I got an hour into L.A. Confidential before I began to snicker when the actors still hadn't dropped their impressions of Leslie Nielsen from Police Squad. Wild Things rewarded me with its first belly laugh half an hour in, when supporting hacktress Theresa Russell thunders to a police investigator, "No one rapes my daughter in Blue Cove!"

There are those who would argue that the overlap between the two movies--corrupt cops, pillars of the community buttressing corruption, double-crosses turning into triple- and quadruple-crosses--isn't enough to justify a comparison. But it scarcely matters how many miles or decades separate one film noir from another; the inhabitants of this genre all speak the same language and observe the same customs. Some happen to be ingenious and innovative (Robert Altman's The Long Goodbye, which used Los Angeles sunlight the way Howard Hawks used shadow), others respectful but leaden (L.A. Confidential), and some dumb, drunken, profane, and frequently nude (Wild Things).

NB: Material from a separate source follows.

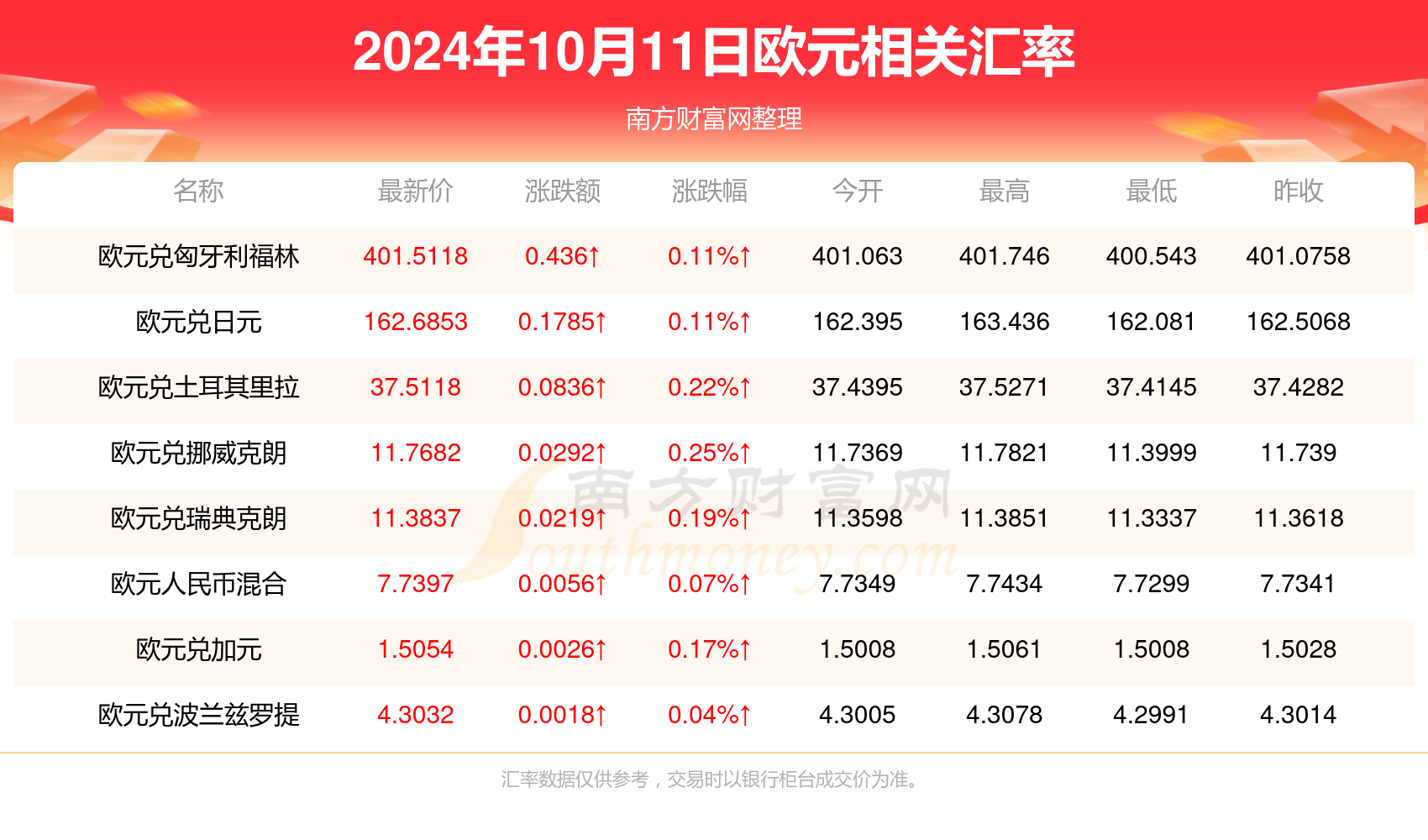 那些爱拖一天错一天， 第5页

What does separate Curtis Hanson's critical hit from Wild Things is the illusion of credibility. Hanson and crew wanted us to think they're delivering something more than serviceable homage because their lead characters are--let me flip through my anthology of Cahiers du Cinema essays here--"morally ambiguous." Translation: A cop in L.A. Confidential isn't just a dim-witted thug, he's a dim-witted thug with a soft spot in his heart for damsels in distress because he watched his mother get beaten when he was a kid. The only thing ambiguous about this tired trope is the critical slipperiness it takes to transform a movie you enjoyed--probably because you have a soft spot for noir in general, as many "serious" critics (i.e., those who don't vote with their thumbs) do--into a monumental cinematic achievement.

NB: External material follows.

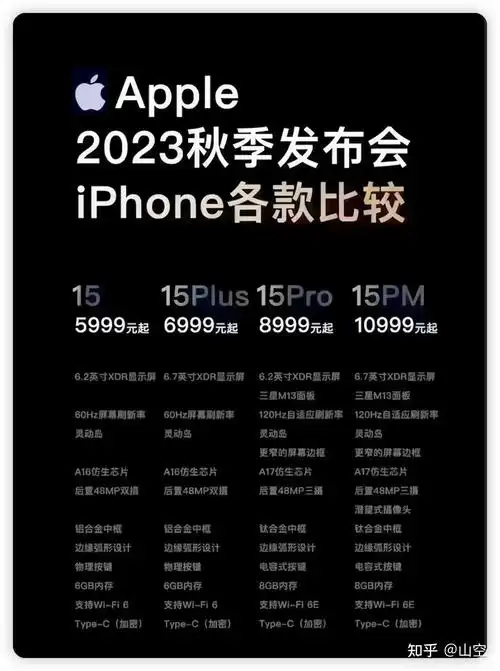 2023年苹果发布会日期是何时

There'll be no mistaking Wild Things for a great film. Director John McNaughton has a resume (Henry: Portrait of a Serial Killer, Mad Dog and Glory) that's more fascinating and eclectic than Curtis "The River Wild" Hanson's. So much so, you're a little bowled over by the sheer absurdity of his story about a seafaring high school guidance counselor (Matt Dillon) who becomes involved in a rape hoax with a spoiled rich girl (Denise Richards) and "the girl from the wrong side of the tracks" (as Neve Campbell is actually referred to here) to gouge money from a slutty South Florida widow (Theresa Russell). Kevin Bacon steps in as the police investigator who's suspiciously eager to pursue Dillon.

Wild Things reaches such dizzying heights of wretched dialogue, creaky contrivances, and panting performances, you're forced to wonder if the filmmakers realized how bad their script was and switched gears into pure camp at some point during the shoot. The almost-complicity of Matt Dillon's knowing smirk, and the brief, unequivocally comic appearance of Bill Murray as an insurance-gouging lawyer, keeps you off-guard enough to reserve judgment, until the film lasts 20 minutes too long just to play out one tedious reversal of fortune after another. The smugness of the filmmakers' unsurprising, "here's another surprise" plot-somersaults would be offensive if it weren't so clueless.

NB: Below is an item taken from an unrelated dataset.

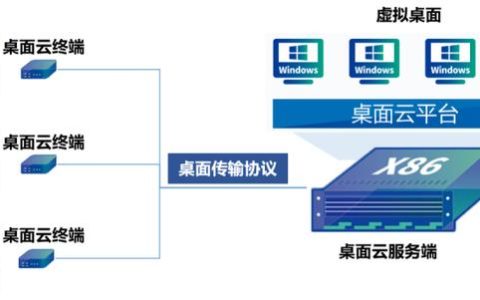 都2022年了，身為網(wǎng)工，你不會(huì)還沒(méi)聽(tīng)說(shuō)過(guò)桌面云吧？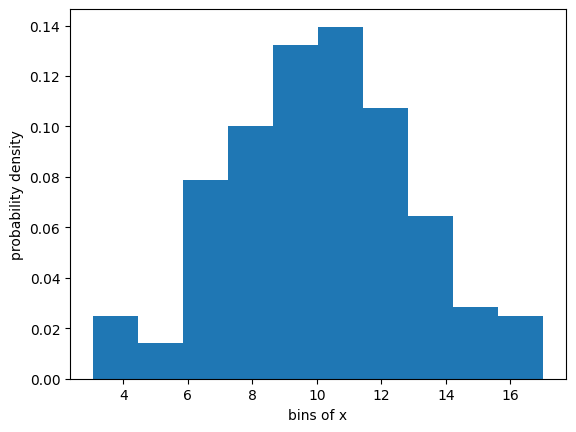 <Figure size 640x480 with 1 Axes>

And speaking of smug, you can feel how proud performers like Kevin Bacon and Neve Campbell are to be taking "risks" with such adult material. Campbell obviously thinks she's hot for using phrases such as "fucked in the ass" and exchanging two steamy bisexual kisses with Denise Richards. But she's still too shy to expose her breasts; conspicuously, her shirt remains in place during the champagne-soaked threesome with Matt Dillon and a birthday-suited Denise Richards.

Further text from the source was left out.